What's the difference between 'standard error' and 'estimated standard error'?

324 Views Asked by At

100 people are given a standard antibiotic to treat an infection and another 100 are given a new antibiotic. In the first group, 90 people recover; in the second group, 80 people recover. Let $p_1$ be the probability of recovery under the standard treatment and let $p_2$ be the probability of recovery under the new treatment. We are interested in estimating $θ=p_1-p_2$. Provide an estimate, an 95 percent confidence interval for θ. (for 95 percent confidence interval, $z_{0.5/2}$=2)

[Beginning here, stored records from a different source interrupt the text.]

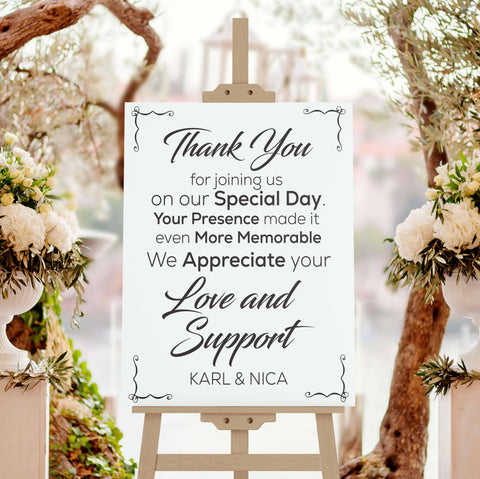 Thank you for joining us Printed Wedding Sign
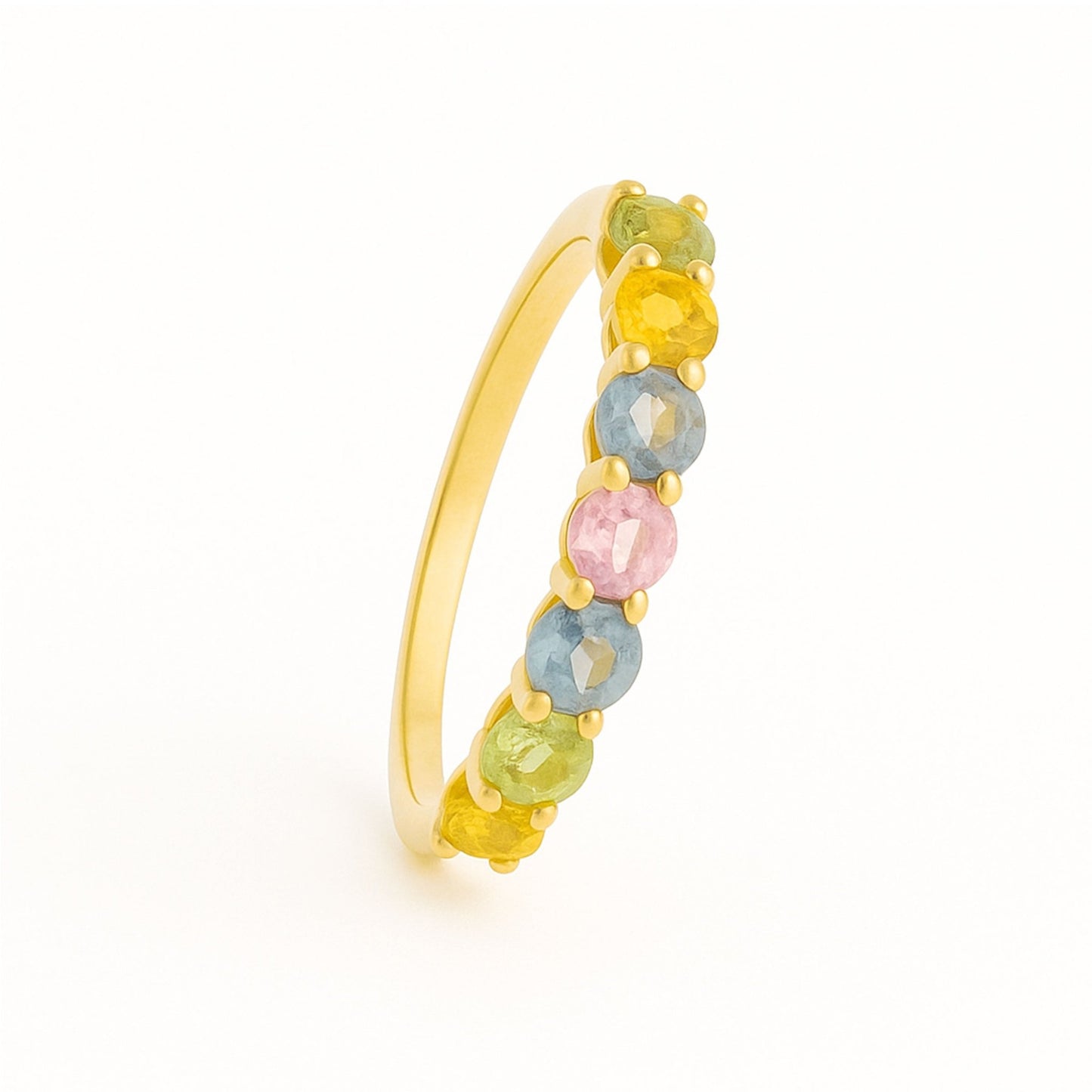 Anel Meia Memória em Ouro 19kl com Topázios Coloridos (T15) - Loja do Ouro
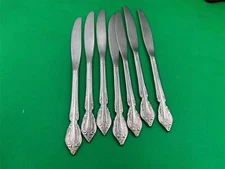 Set of 7 Oneida Community Stainless Steel BRAHMS solid Dinner Knives #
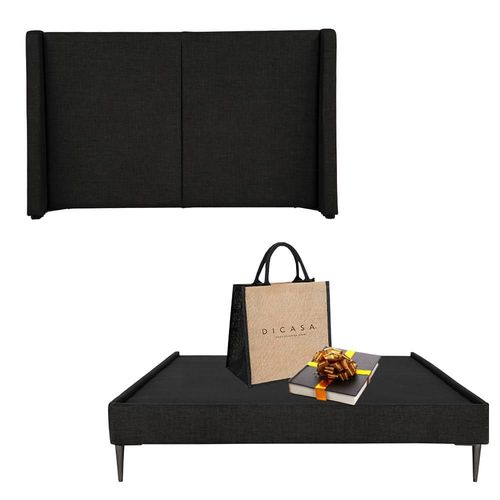 Cabecera Queen Size Dicasa Milan Negro + Base cama Dicasa Slim CZD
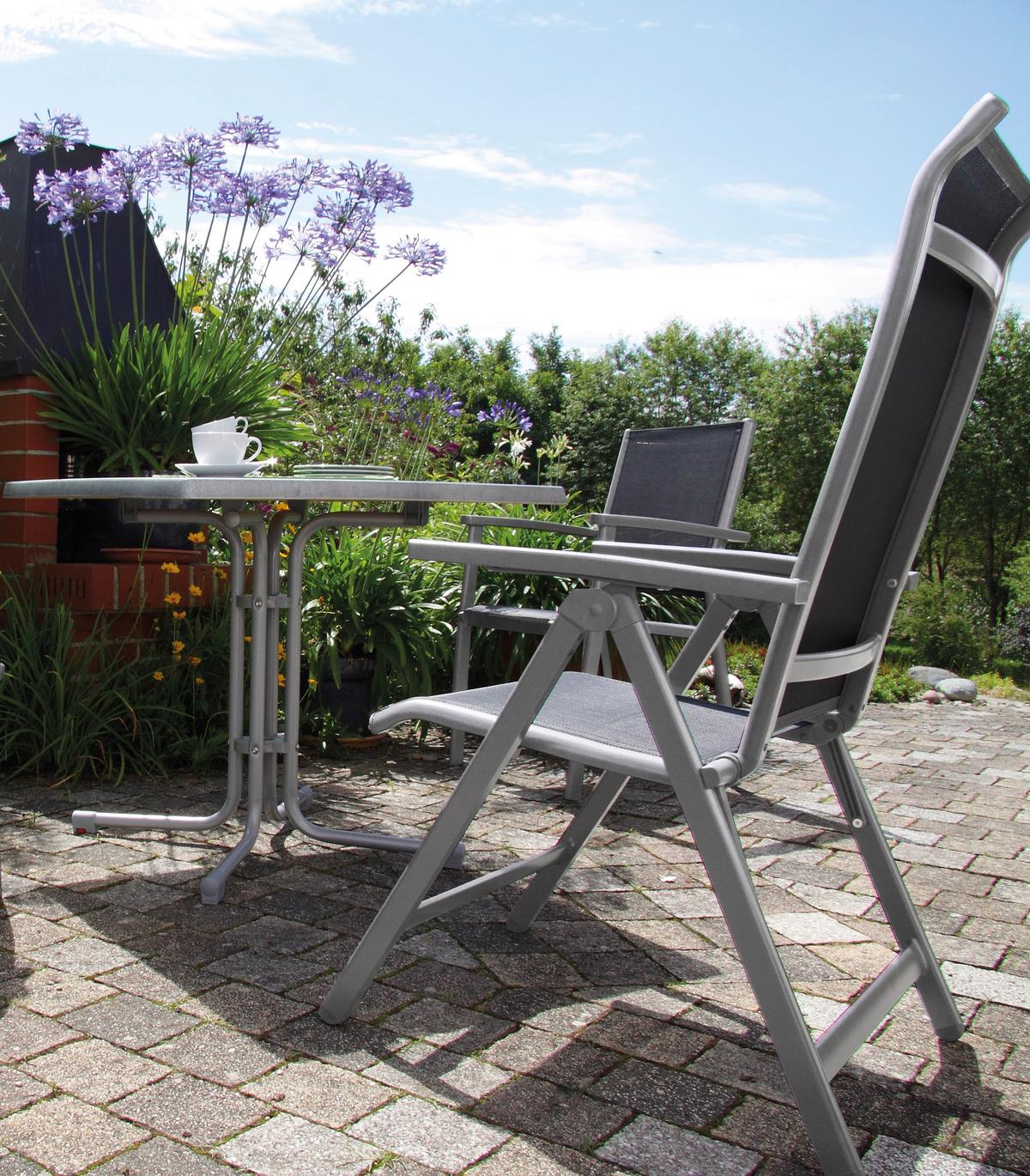Gartentisch klappbar Acamp Metall/Holzwerkstoff L: 70 cm - Platinfarben/Grau, Basics, Holzwerkstoff/Metall (70/70/72cm) - Gardenson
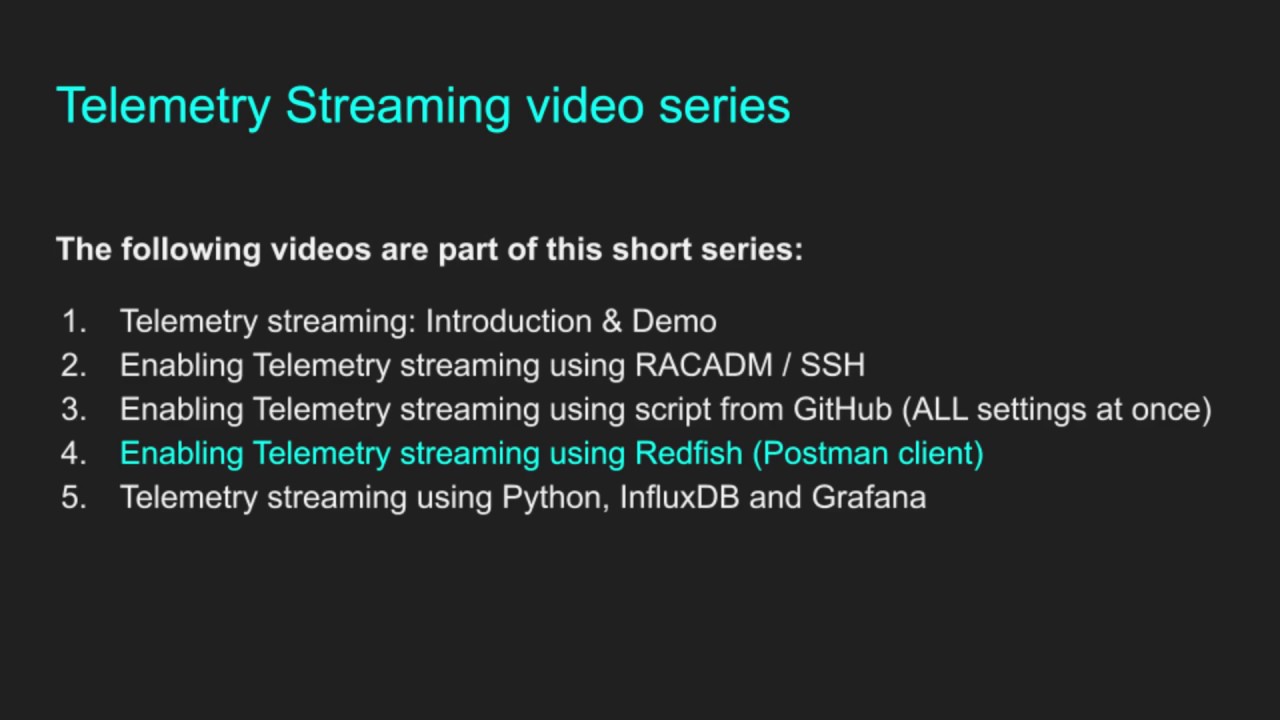 Enabling Telemetry streaming using Redfish (Postman client)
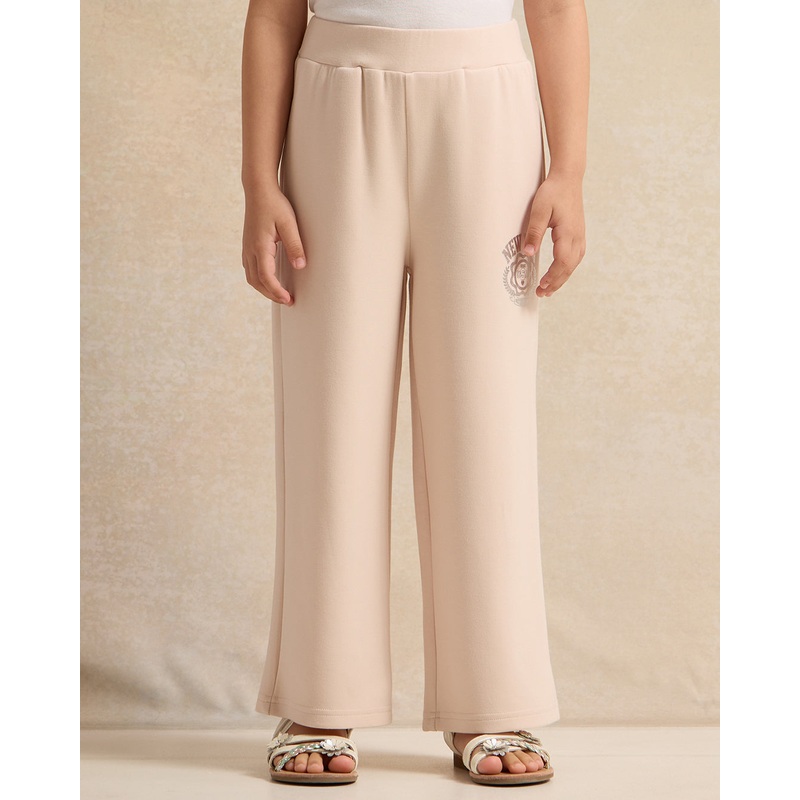 Girls Beige Printed Wide Leg Active Pants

I got problem like this, since estimator is $\hat{\theta} =\hat{p_1} -\hat{p_2} = 0.9-0.8 = 0.1$. $\hat{se} $ is 0.05. I thought I solved the problem.

but what bothers me, someone said me that $p_1$, and $\hat{p_1}$ are the same. $se$ and $\hat{se}$(estimated standard error) are the same thing, What I thought til that day was I couldn't get real probability $p_1$ and $p_2$(since I can't know what distribution they follow), so get $\hat{p_1}$, and $\hat{p_2}$, and get $\hat{se}$.

Do I miss some concept?

1

There are 1 best solutions below

0
On BEST ANSWER

First, $\hat\theta = \hat p_1 - \hat p_2 = \frac{90}{100} = \frac{80}{100} = 0.9 - 0.8 = 0.1.$

Then, $V(\hat p_1) = \frac{p_1(1-p_1)}{n},$ so $\hat V(\hat p_1) =\frac{\hat p_1(1-\hat p_1)}{n}.$ Similarly, $\hat V(\hat p_2) =\frac{\hat p_2(1-\hat p_2)}{n}.$ By independence, $V(\hat\theta) = V(\hat p_1) + V(\hat p_2),$ so $$\hat V(\hat\theta) = \frac{\hat p_1(1-\hat p_1)}{n}+ \frac{\hat p_2(1-\hat p_2)}{n}$$ and $$\widehat {SE}(\hat\theta) = \sqrt{\frac{\hat p_1(1-\hat p_1)}{n}+ \frac{\hat p_2(1-\hat p_2)}{n}}.$$

The theoretical standard error of $\hat \theta$ would use $p_i, i=1,2,$ but we do not know the true values of the $p_i.$ So we must use the estimated standard error $\widehat{SE}(\hat\theta)$ (with $\hat p_i$s) instead.

Thus a 95% confidence interval for $\theta$ is $\hat \theta \pm 1.96 \widehat{SE}(\hat \theta).$

Notice that two approximations are involved: (1) assuming that $\hat\theta$ is approximately normal, justifying the use of $1.96$ and (2) using the estimated standard error instead of the unknown theoretical standard error.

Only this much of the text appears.